I knew for a long time that Christopher Moore's new novel, Sacré Bleu was about the French Impressionists. I found out about it the same time many of you did, when he came to Boswell in support of his previous novel, Bite Me. Since I have four (sometimes more) Christopher Moore readers on staff, I thought that I would probably wind up reading one of my underdog book events, one that needed my extra support. But when I found out that the book was about the secret powers of the color blue (specifically ultramarine blue), it turned out that I was about to embark on my own Christopher Moore adventure.
I don't know how much research Moore does on his vampire novels, but his new novel, Sacré Bleu, is totally immersed in the French art world of the second half of the 19th century. Its jumping off point is the mysterious suicide of Vincent Van Gogh. Exactly why would he shoot himself, only to then head to a doctor? What if this wasn't really a suicide? And what if his wild spurts of creativity, punctured by mental distress, was a function of the paint.
And not just any paint, but a special blue supplied to him by The Colorman (first name "The") and enhanced by Bleu, the muse. Something seems amiss to Van Gogh's friend Lucien Lessard, a baker/painter who has not been particularly inspired during his life, despite being surrounded by famous artists. But after Van Gogh's death, his old flame Juliette returns, leading to bouts of sexual and artistic creativity. What's going on here? So he teams up with Henri Toulouse-Lautrec (you'll forgive me for not using his full name) to figure out exactly what is going on.
And it turns out that many other artists have had similar experiences with paint supplied to them by The Colorman, via their muse. And there are all sorts of mysteries to be solved. Why did the stained glass cathedrals of the middle ages, once festooned with beautiful blue glass, later wind up with a duller tone? And why did so many great artists contract syphilis?
Because of the bigger canvas of this book, and more historical detail and background, I've heard that a couple of early readers found that the setup takes longer for Sacré Bleu. I don't want to give too much away, but I can tell you that the second half of the book becomes more of the combination combination chase, conspiracy, and philosophical joyride that Moore books can be.
I love the way that Moore takes forty years of art history (or perhaps if you think about it, 30,000 years) and creates a crazed reality that still follows the reported facts of what happened with all the artists we know. The advance copy I read was punctuated by black and white reproductions of paintings that are touched on in the story. The first edition of Sacré Bleu will have color plates. Just a warning to you folks who putz around before buying a book you know you're going to read anyway.

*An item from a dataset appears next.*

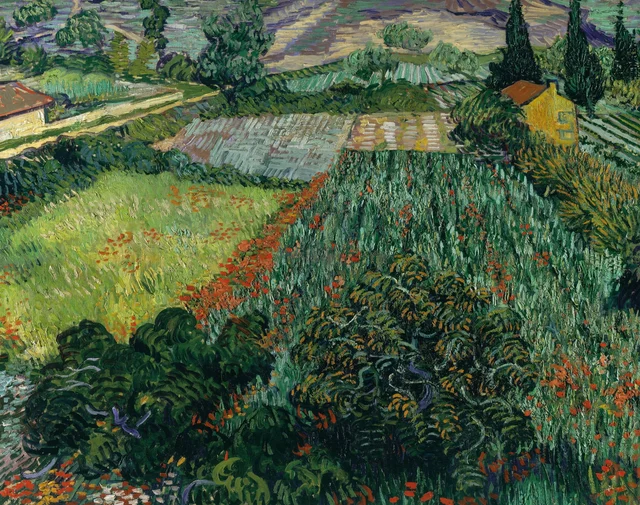Champ de coquelicots, Vincent van Gogh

The story is filled with all sorts of revelations and humorous asides to keep everything moving along. And Lucien is a classic Moore reluctant hero. I haven't read as many Moores as other Boswellians, but my early read quote from Conrad seemed to confer this. But what perhaps kept me thinking long after the book was over was Moore's take on creativity, and what artists sacrifice for true breakthroughs, and the mental turmoil that often accompanies works of genius. In many ways, it does seem to the resemble the passion and longing that accompanies romantic love and lust.
I'm certainly interested enough to order in some copies of the book that Moore recommends as one of the most readable of his research tools, Sue Roe's The Private Lives of the Impressionists. And now I'm off to buy some blue Sharpies. No surprise, but that's what Moore will be using to sign copies of Sacré Bleu when he appears at Boswell on Wednesday, April 11. It's a free event, I'd come early as last time we had well over 200 attendees.